Having a range of lighter ales and lagers in the store cupboard I'm thinking ahead for the end of summer. I came across this recipe recently when reading up on brown malt. BYO did an article on brown malt, and the recipe was there and looked good. So plugging the numbers into Brewer's Friend app, I found that the grain quantities listed for a 19L batch exactly matched what I would need for a 23L batch at my predicted BH efficiency, only the hops needed adjustment to get the right IBU's.

Other tweeks: Crystal to match what I had in stock (might be on the dark side), a dash of Special B as a user-upper, plus First Gold hops for some of the bittering to keep the Fuggles to a nice 50g total.

Brew day was yesterday and went nice an smoothly out of the way in my garage, while keeping on top of other family things.

Recirculating the wort at approximately 1600W power from the element while bringing up to boil takes a while, but certainly avoids scorching. I have had no problems with this method for the last couple of brews, so threw caution to the winds and did no vorlauf or lautering except for lifting the mash bag out of my cooler and giving it a healthy squeeze. All liquid was then jugged straight into the boiler.

Batch Size: 23L
Efficiency: 75%
Original Gravity: 1.049
Target Gravity: 1.011
Ingredients
Grain
3.400kg Bestmalz Pale malt
0.680kg Crisp Brown Malt
0.320kg Crisp Chocolate malt
0.250kg Crystal 40L
0.200kg Crystal 122L
0.100kg Belgian Special B

Hops
16g First Gold (7.5% aa) @60 mins
29g Fuggles (4% aa) @ 60 mins
21g Fuggles (4% aa) @ 15 mins


Yeast
St Austell, healthy starter grown from a bottle of AG25 Tribute Tribute (originally from Proper Job), ~78%AA

Water adjustments to approximate Fullers London Porter water
Ferment at 20°C

OG came out 1 point high, but bang on target after pitching about 1L of starter. Crashing the starter wasn't finished by pitching time, so decanted off as much as I dared of the clearest liquid from the top.

I have high hopes for this dark beauty.
 
Good luck with the Helles, I have plans to make another one myself soon.

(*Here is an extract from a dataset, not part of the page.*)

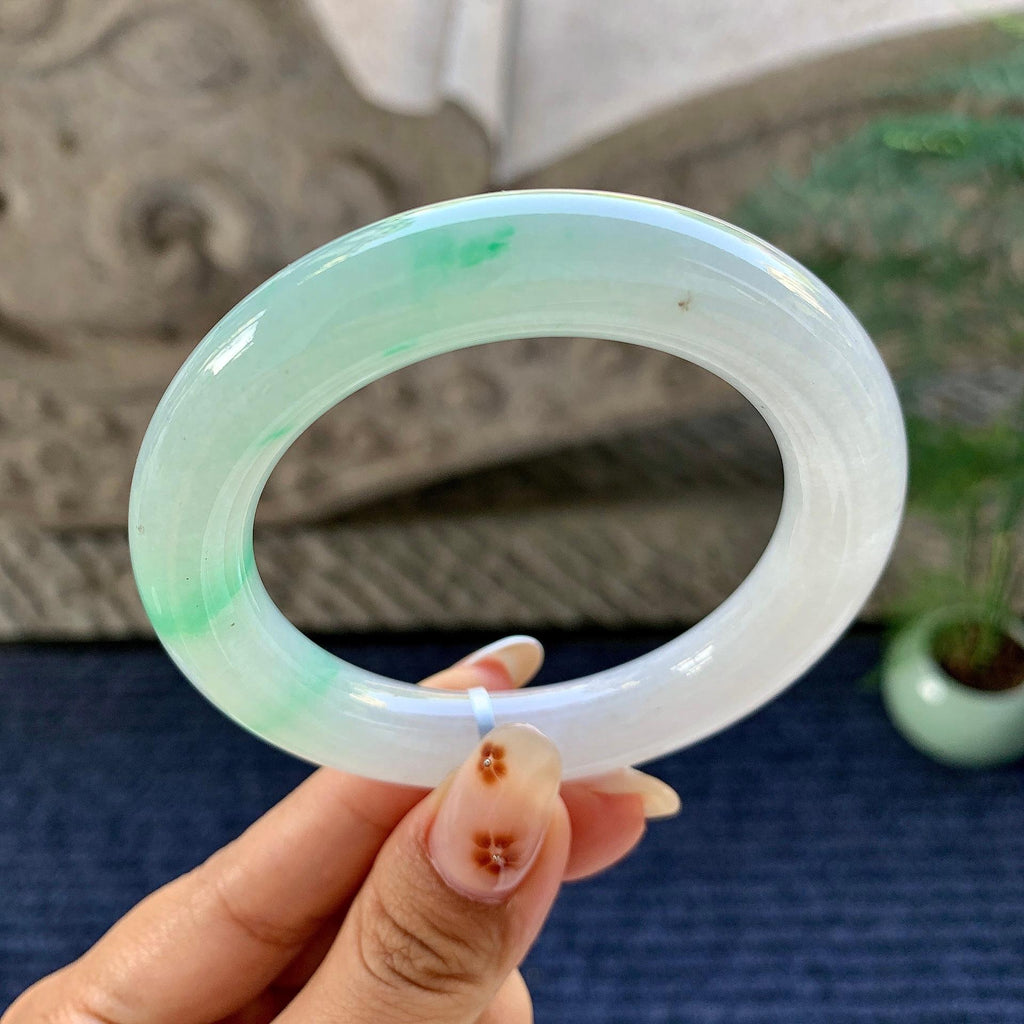 糯冰种飘绿圆条手镯（54.4mm）（yc248092）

Regarding the porter, I read that BYO article a while back - I'm sure it'll make a tasty beer but I have my doubts how close it is to Fuller's. When I was researching I found a thread on Jim's Beer Kit citing a recipe in The Real Ale Almanac. From my experience the one in GH is also pretty close too.

I've been developing my own porter recipes more recently - I've found chocolate rye malt is really good! I did one earlier this year that ended up a very quaffable 3.8%, but I'm planning a more robust version around 5.5% (and also mulling over plans to tweak this further into a Baltic Porter!)

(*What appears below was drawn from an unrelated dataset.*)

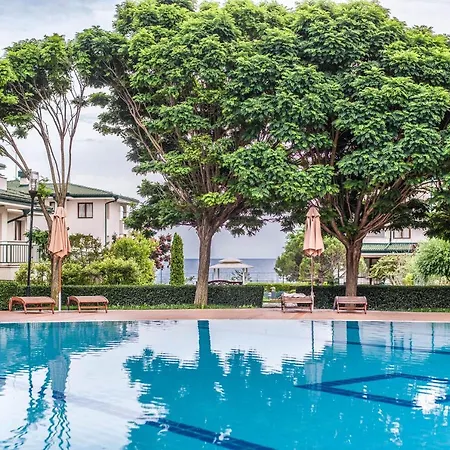 Apartments In Emerald Beach And Spa Resort 5*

I do like a porter - seems to be one of those really good styles that for some reason gets overshadowed :beer1:
 
@matt76 Yes, the GH Brown Porter recipe isn't far off the BYO recipe, but definitely differs in the hop department.

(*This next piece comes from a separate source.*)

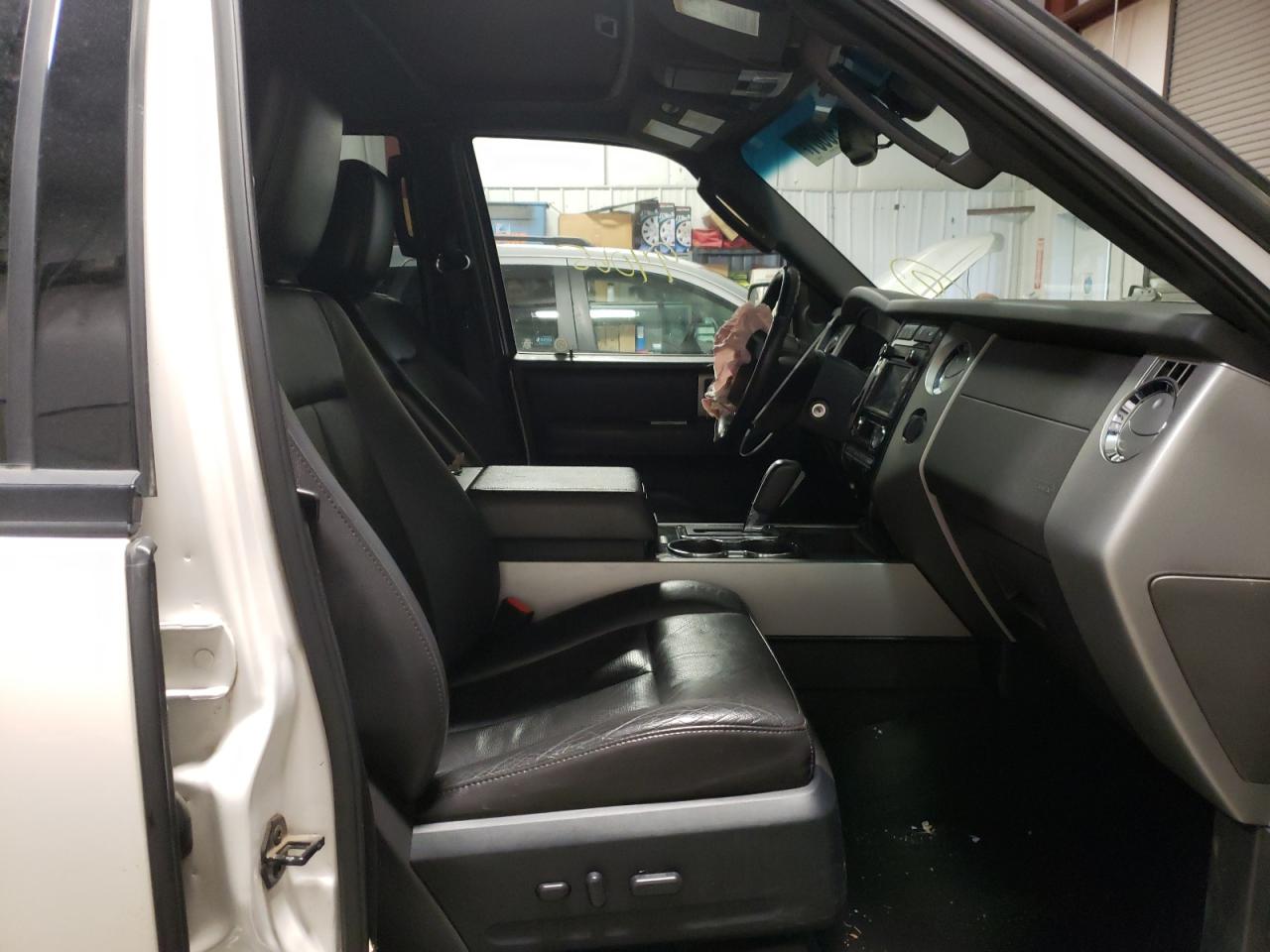 Photo 5 from auction – 2013 FORD EXPEDITION with VIN 1FMJU2A51DEF15527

I have gone research crazy on some recipes previously, particularly before doing recent Saison and Dunkelweizen. Yet for this one I just jumped straight in the BYO recipe and thought it looked good. It's never going to be a close clone so as long as it turns out tasty I'll be happy.

If I had the chance to brew regular smaller batches like yourself I'd love to have a go at tweaking and honing a recipe over time. Right now there are so many different styles to try so I get tempted to keep jumping on board very different recipes. acheers.